Fear of slack migration rules holds back Denmark on foreign labour: Deputy PM

Ritzau/The Local
Ritzau/The Local - [email protected]
Fear of slack migration rules holds back Denmark on foreign labour: Deputy PM
Danish deputy PM Jacob Ellemann Jensen during the Chamber of Commerce annual event, where he called for a change on political attitudes towards foreign labour. Photo: Liselotte Sabroe/Ritzau Scanpix

Denmark’s deputy prime minister and economy minister Jakob Ellemann-Jensen says a fear of being seen as weak on immigration is preventing parliament from taking measures to recruit much-needed labour from abroad.


The comments were given by Ellemann-Jensen at a Danish Chamber of Commerce event on Wednesday and reported by news wire Ritzau.

“Since the 2000s, successive governments have tightened the [immigration] rules,” Ellemann-Jensen said.
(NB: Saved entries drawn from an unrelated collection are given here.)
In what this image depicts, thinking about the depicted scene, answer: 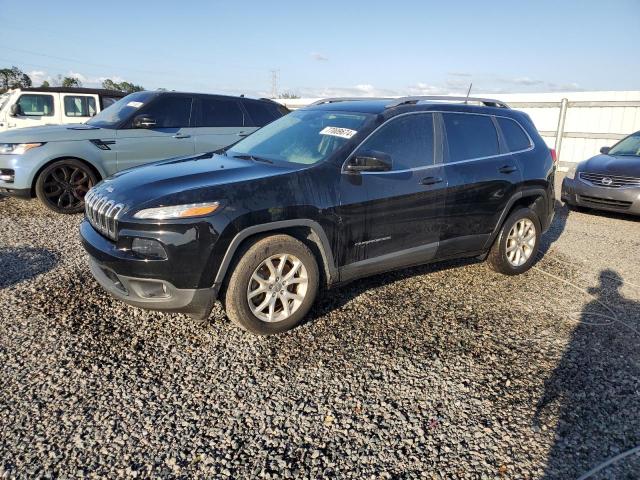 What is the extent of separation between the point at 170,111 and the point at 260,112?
A: 1.58 metres

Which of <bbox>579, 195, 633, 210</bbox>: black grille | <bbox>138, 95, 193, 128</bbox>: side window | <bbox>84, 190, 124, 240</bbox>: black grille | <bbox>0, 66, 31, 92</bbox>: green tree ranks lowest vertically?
<bbox>579, 195, 633, 210</bbox>: black grille

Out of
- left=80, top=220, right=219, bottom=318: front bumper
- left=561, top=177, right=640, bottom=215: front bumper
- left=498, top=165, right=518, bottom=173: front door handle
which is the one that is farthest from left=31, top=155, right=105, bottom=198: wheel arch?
left=561, top=177, right=640, bottom=215: front bumper

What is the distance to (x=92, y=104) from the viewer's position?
36.7 feet

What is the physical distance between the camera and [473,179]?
439 centimetres

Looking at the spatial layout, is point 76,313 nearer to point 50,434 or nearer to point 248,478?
point 50,434

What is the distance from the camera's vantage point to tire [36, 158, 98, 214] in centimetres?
673

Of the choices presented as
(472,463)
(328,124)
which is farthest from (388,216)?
(472,463)

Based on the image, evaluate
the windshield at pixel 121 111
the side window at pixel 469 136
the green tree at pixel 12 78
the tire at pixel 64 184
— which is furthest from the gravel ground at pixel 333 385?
the green tree at pixel 12 78

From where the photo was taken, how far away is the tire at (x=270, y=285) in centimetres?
329

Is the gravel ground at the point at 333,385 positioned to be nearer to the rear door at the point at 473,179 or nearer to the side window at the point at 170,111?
the rear door at the point at 473,179

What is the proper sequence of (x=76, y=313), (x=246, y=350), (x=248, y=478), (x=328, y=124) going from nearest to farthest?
(x=248, y=478)
(x=246, y=350)
(x=76, y=313)
(x=328, y=124)

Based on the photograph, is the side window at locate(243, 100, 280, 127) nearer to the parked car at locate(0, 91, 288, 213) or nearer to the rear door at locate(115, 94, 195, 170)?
→ the parked car at locate(0, 91, 288, 213)

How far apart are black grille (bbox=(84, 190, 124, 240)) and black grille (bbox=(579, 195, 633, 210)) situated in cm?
775

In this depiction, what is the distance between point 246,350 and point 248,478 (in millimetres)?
1189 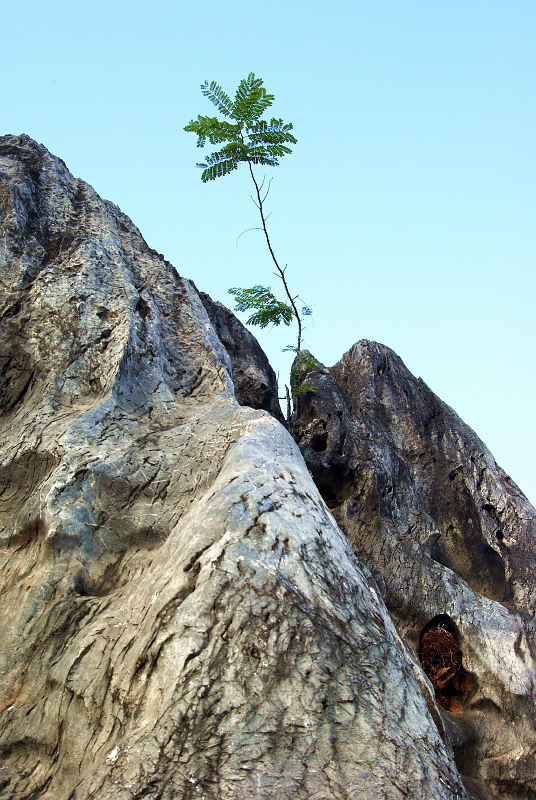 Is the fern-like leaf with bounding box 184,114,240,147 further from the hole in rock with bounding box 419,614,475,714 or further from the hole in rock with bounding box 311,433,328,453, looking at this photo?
the hole in rock with bounding box 419,614,475,714

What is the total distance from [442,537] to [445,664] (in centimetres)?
281

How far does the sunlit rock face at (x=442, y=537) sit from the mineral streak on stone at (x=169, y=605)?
0.44 meters

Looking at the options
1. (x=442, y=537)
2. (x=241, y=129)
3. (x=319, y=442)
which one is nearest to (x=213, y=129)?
(x=241, y=129)

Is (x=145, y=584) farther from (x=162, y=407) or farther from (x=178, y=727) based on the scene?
(x=162, y=407)

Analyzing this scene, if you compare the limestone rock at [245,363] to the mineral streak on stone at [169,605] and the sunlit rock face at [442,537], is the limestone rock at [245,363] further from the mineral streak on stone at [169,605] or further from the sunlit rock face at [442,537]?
the mineral streak on stone at [169,605]

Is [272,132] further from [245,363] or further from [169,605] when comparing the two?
[169,605]

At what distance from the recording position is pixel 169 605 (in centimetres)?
514

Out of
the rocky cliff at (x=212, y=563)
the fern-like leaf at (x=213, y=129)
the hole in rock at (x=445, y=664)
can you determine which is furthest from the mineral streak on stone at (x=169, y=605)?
the fern-like leaf at (x=213, y=129)

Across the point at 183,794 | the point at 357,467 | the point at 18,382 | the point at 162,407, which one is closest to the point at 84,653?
the point at 183,794

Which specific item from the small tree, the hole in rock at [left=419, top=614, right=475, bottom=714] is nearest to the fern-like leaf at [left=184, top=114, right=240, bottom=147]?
the small tree

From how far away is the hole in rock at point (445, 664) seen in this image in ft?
28.8

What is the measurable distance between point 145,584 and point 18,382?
3.93 meters

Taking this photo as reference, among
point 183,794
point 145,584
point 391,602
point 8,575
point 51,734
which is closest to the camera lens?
point 183,794

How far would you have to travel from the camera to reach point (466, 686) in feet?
28.9
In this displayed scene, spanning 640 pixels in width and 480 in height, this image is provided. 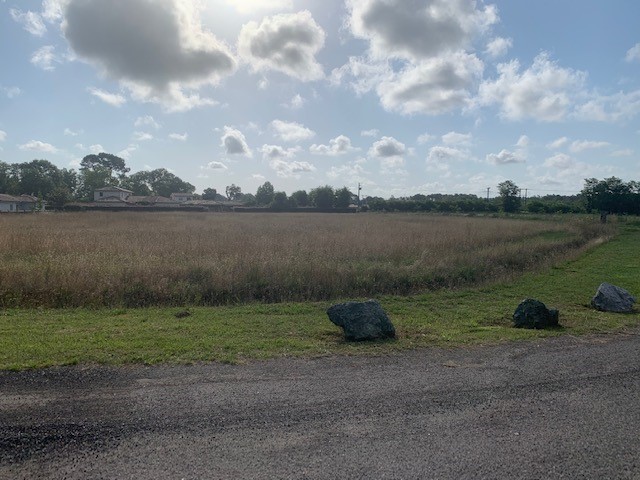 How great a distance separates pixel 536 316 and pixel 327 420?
19.9 ft

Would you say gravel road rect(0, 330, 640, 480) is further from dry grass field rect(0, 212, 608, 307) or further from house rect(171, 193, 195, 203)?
house rect(171, 193, 195, 203)

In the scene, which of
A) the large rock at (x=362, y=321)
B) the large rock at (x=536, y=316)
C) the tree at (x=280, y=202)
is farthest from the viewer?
the tree at (x=280, y=202)

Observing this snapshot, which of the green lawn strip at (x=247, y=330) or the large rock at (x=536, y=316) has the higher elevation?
the large rock at (x=536, y=316)

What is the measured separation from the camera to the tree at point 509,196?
70669 mm

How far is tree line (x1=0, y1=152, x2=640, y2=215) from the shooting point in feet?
186

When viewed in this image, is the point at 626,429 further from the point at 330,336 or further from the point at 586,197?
the point at 586,197

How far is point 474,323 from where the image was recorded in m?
8.74

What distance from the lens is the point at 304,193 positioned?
331 ft

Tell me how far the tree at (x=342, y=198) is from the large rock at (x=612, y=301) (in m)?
86.0

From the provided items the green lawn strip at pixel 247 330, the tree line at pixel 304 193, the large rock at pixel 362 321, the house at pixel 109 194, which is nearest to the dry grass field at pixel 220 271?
the green lawn strip at pixel 247 330

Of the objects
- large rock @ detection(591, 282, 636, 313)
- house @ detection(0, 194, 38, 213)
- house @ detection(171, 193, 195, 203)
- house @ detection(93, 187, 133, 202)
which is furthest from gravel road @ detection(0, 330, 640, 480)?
house @ detection(171, 193, 195, 203)

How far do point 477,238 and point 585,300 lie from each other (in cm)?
1267

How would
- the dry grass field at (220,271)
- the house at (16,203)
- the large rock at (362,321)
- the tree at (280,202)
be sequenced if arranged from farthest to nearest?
the tree at (280,202) < the house at (16,203) < the dry grass field at (220,271) < the large rock at (362,321)

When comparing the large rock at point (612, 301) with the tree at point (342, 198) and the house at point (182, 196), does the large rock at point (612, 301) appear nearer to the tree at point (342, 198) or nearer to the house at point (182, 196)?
the tree at point (342, 198) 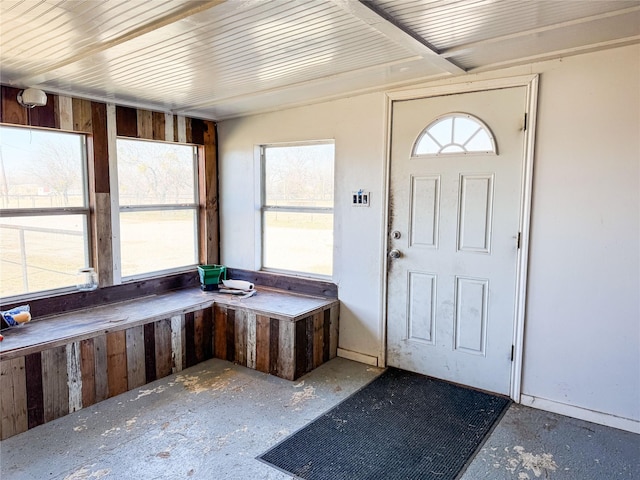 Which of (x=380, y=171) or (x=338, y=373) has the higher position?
(x=380, y=171)

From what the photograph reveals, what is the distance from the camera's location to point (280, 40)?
2234 mm

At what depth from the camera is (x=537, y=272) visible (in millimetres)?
2822

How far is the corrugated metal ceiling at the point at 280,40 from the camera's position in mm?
1854

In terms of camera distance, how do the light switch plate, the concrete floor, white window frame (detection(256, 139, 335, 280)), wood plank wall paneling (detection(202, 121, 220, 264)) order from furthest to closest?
wood plank wall paneling (detection(202, 121, 220, 264)) < white window frame (detection(256, 139, 335, 280)) < the light switch plate < the concrete floor

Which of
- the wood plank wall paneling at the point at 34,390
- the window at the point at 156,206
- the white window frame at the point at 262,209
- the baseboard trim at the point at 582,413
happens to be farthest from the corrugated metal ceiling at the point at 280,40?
the baseboard trim at the point at 582,413

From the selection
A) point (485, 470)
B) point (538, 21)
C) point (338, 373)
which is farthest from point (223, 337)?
point (538, 21)

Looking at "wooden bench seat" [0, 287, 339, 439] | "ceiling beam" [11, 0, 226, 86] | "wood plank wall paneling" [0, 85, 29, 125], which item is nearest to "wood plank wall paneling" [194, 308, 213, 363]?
"wooden bench seat" [0, 287, 339, 439]

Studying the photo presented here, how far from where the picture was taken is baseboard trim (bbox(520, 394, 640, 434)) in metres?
2.57

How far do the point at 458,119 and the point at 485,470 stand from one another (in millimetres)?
2273

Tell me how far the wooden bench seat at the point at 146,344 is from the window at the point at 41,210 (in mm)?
360

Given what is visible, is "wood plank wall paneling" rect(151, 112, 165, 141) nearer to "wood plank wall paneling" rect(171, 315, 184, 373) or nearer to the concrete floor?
"wood plank wall paneling" rect(171, 315, 184, 373)

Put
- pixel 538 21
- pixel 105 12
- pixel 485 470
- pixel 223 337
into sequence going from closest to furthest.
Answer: pixel 105 12 < pixel 538 21 < pixel 485 470 < pixel 223 337

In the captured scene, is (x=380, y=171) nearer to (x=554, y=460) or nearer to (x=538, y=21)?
(x=538, y=21)

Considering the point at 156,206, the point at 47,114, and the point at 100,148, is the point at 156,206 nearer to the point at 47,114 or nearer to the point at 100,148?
the point at 100,148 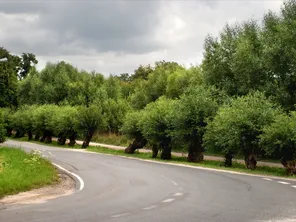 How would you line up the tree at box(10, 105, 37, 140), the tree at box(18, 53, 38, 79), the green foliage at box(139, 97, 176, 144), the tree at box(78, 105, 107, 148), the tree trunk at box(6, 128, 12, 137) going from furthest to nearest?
the tree at box(18, 53, 38, 79)
the tree trunk at box(6, 128, 12, 137)
the tree at box(10, 105, 37, 140)
the tree at box(78, 105, 107, 148)
the green foliage at box(139, 97, 176, 144)

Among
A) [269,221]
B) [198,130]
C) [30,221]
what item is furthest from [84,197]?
[198,130]

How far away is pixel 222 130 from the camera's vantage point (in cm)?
2977

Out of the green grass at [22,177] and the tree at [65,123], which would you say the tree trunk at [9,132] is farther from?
the green grass at [22,177]

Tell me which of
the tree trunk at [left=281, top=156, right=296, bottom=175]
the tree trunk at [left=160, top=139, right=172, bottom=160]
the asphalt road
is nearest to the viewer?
the asphalt road

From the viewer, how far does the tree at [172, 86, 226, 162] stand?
117 ft

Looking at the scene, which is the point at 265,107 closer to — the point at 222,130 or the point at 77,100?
the point at 222,130

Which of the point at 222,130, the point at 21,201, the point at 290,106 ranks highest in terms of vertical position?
the point at 290,106

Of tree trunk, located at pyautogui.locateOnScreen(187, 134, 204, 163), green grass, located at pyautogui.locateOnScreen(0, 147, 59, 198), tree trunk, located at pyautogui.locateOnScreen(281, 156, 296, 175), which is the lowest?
green grass, located at pyautogui.locateOnScreen(0, 147, 59, 198)

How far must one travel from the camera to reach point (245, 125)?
28.2 metres

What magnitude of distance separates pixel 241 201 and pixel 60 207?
5.31 m

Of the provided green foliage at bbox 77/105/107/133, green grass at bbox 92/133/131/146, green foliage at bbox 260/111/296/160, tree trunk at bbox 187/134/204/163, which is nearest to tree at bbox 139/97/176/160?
tree trunk at bbox 187/134/204/163

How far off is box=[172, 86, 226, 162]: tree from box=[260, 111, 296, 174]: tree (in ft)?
30.7

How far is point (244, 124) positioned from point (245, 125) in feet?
0.30

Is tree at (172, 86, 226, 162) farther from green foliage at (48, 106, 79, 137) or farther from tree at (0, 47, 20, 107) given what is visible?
tree at (0, 47, 20, 107)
“But we have ended up in a situation where we are afraid of making sensible and necessary decisions that would ensure international labour for fear of being called ‘a slackener’,” he said.

The topic of international labour was a key them at the Chamber of Commerce event.

Supporters of hiring international labour say it is needed to support Denmark’s demographic changes and active economic growth.


“The labour shortage is a real challenge for Denmark. We must be able to do something about it without fear of being called a ‘slackener’ [of immigration rules, ed.],” Ellemann-Jensen said.

The Moderate party, which like Ellemann-Jensen’s Liberals are a partner in the coalition government, have expressed support for increasing labour from abroad.

At the Moderate summer political meeting, party leader Lars Løkke Rasmussen, also the foreign minister, said Denmark should consider agreements with countries in Africa over labour recruitment. Rasmussen named Kenya as a potential partner for such an agreement.

He also said Danish businesses should be allowed to freely hire international staff, provided they comply with trade union agreements.

CEO of the Chamber of Commerce, Brian Mikkelsen, suggested on Wednesday that 50,000 workers should be recruited from abroad, including from Africa.

The senior party in the coalition, the Social Democrats, has so far responded without enthusiasm to both the Moderate proposals and Mikkelsen’s suggestion.

“I think we have different perspectives. The Moderates were honest about this being their input to the debate but the government policy agreement is also very clear about our politics. That is a strict, responsible and consistent immigration policy, and that is what our approach is,” employment minister Ane Halsboe-Jørgensen of the Social Democrats told newspaper Berlingske.